Este projeto utiliza PySpark para analisar dados de exportação e importação do Brasil, disponibilizados em sua página do Kaggle. As análises são realizadas em um ambiente de processamento distribuído no Google Cloud Dataproc, os resultados são salvos no Google Cloud Storage e no BigQuery, e são visualizadas no Looker Studio. Abaixo está a descrição dos passos realizados no código.
- Importando as bibliotecas necessárias
from pyspark.sql import SparkSession
from pyspark.sql import functions as F
from pyspark.sql.types import DoubleType
from pyspark.sql import Window
from google.cloud import storage
from google.cloud import bigquery
- Inicializando uma sessão Spark com o nome 'brazil-in-out-2' usando o seguinte comando:
spark = SparkSession.builder.appName('brazil-in-out-2').getOrCreate()
- Inicializando os clientes do Google Cloud Storage e do BigQuery:
client = storage.Client()
bq_client = bigquery.Client()
- Obtendo o bucket do Google Cloud Storage onde os dados estão armazenados:
bucket = client.get_bucket('brazil-in-out-2')
- Definição da lista de arquivos a serem carregados:
files = ['CO_NCM.csv', 'CO_PAIS.csv', 'CO_UNID.csv', 'CO_VIA.csv', 'CO_URF.csv', 'NCM_UNIDADE.csv', 'EXP_COMPLETA.csv', 'IMP_COMPLETA.csv']
- Carregando cada arquivo do Google Cloud Storage, removendo as aspas duplas dos dados e convertendo o valor FOB para o tipo Double (para os arquivos 'EXP_COMPLETA.csv' e 'IMP_COMPLETA.csv'):
for file in files:
df = spark.read.format('csv').option('header', 'true').option('delimiter', ';').load(base_path + file)
for col in df.columns:
df = df.withColumn(col, F.regexp_replace(F.col(col), '\"', ''))
if file in ['EXP_COMPLETA.csv', 'IMP_COMPLETA.csv']:
df = df.withColumn('VL_FOB', F.regexp_replace(F.col('VL_FOB'), '\\.', '').cast(DoubleType()))
dfs[file] = df
Realizando as análises necessárias.
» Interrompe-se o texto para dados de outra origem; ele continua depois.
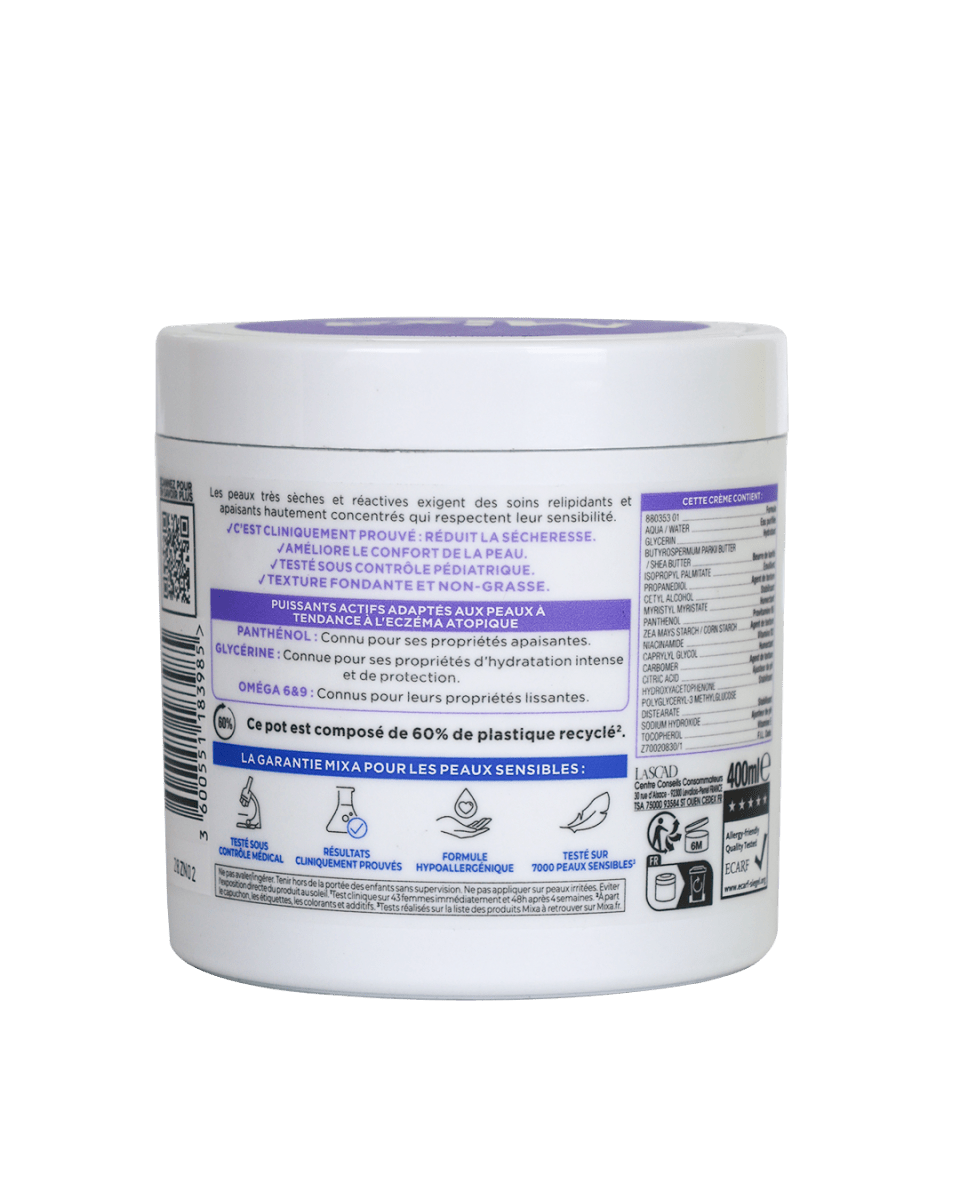 Mixa Expert Peau Sensible - Crème Panthénol Confort Anti - grattage - Visage, Corps, Mains 400ml - Mixa | BeautyForYou.ma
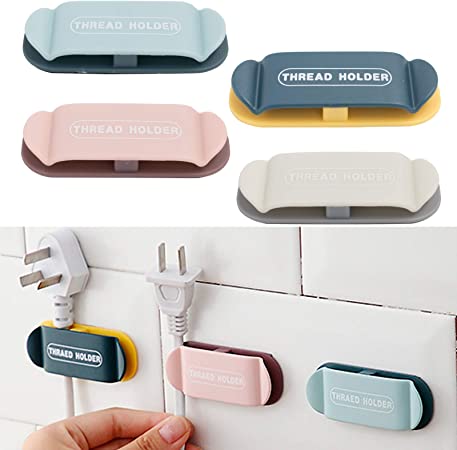 4 Pcs Sticky Hook Plug Holder and Cable Organizer Thread Holder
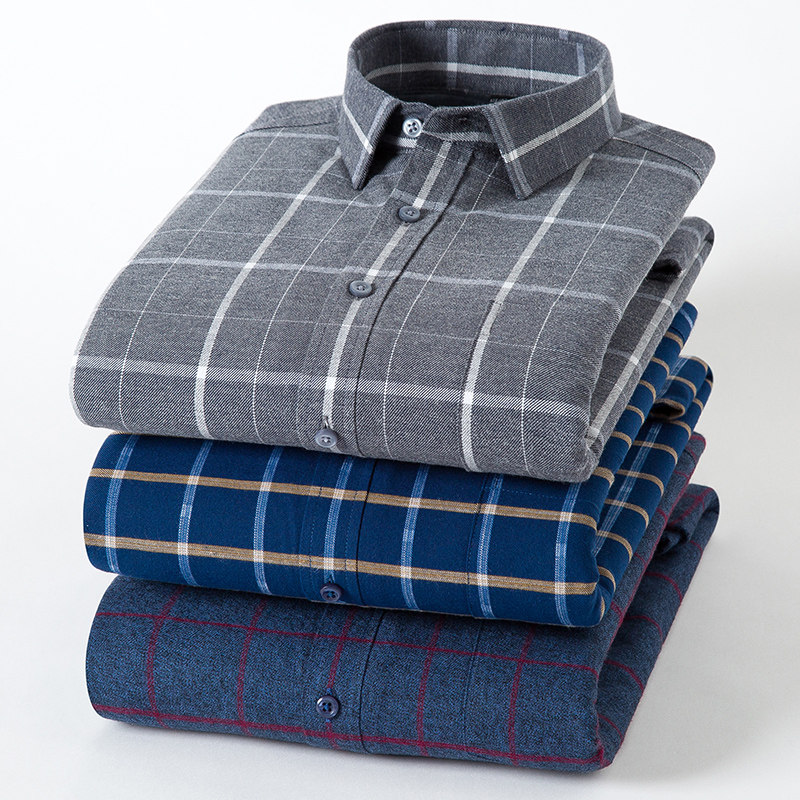 男士加绒加厚格子衬衫冬季中青年商务休闲保暖长袖衬衣帅气爸爸装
Cada análise envolve o agrupamento dos dados por um determinado atributo (por exemplo, o ano ou o país), o cálculo do valor FOB total para cada grupo e a ordenação dos resultados. Além disso, para algumas análises, o script também calcula o rank de cada grupo com base no valor FOB total.
df_exports_year = dfs['EXP_COMPLETA.csv'].groupBy('CO_ANO').agg(F.sum('VL_FOB').alias('Total Exports')).orderBy('CO_ANO')
df_exports_year.show(5)
save_results(df_exports_year, 'totals-exp')
df_imports_year = dfs['IMP_COMPLETA.csv'].groupBy('CO_ANO').agg(F.sum('VL_FOB').alias('Total Imports')).orderBy('CO_ANO')
df_imports_year.show(5)
save_results(df_imports_year, 'totals-imp')
windowSpec = Window.partitionBy('CO_ANO').orderBy(F.desc('Total Exports'))
df_country_exports = dfs['EXP_COMPLETA.csv'].groupBy('CO_ANO','CO_PAIS').agg(F.sum('VL_FOB').alias('Total Exports')).withColumn('rank', F.rank().over(windowSpec)).orderBy('CO_ANO')
df_country_exports = df_country_exports.join(df_pais, df_country_exports.CO_PAIS == df_pais.CO_PAIS, how='inner').select(df_country_exports.CO_ANO, df_pais.NO_PAIS, df_country_exports['Total Exports']).orderBy('CO_ANO')
df_country_exports.show(5)
save_results(df_country_exports, 'countries-exp')
windowSpec = Window.partitionBy('CO_ANO').orderBy(F.desc('Total Imports'))
df_country_imports = dfs['IMP_COMPLETA.csv'].groupBy('CO_ANO','CO_PAIS').agg(F.sum('VL_FOB').alias('Total Imports')).withColumn('rank', F.rank().over(windowSpec)).orderBy('CO_ANO')
df_country_imports = df_country_imports.join(df_pais, df_country_imports.CO_PAIS == df_pais.CO_PAIS, how='inner').select(df_country_imports.CO_ANO, df_pais.NO_PAIS, df_country_imports['Total Imports']).orderBy('CO_ANO')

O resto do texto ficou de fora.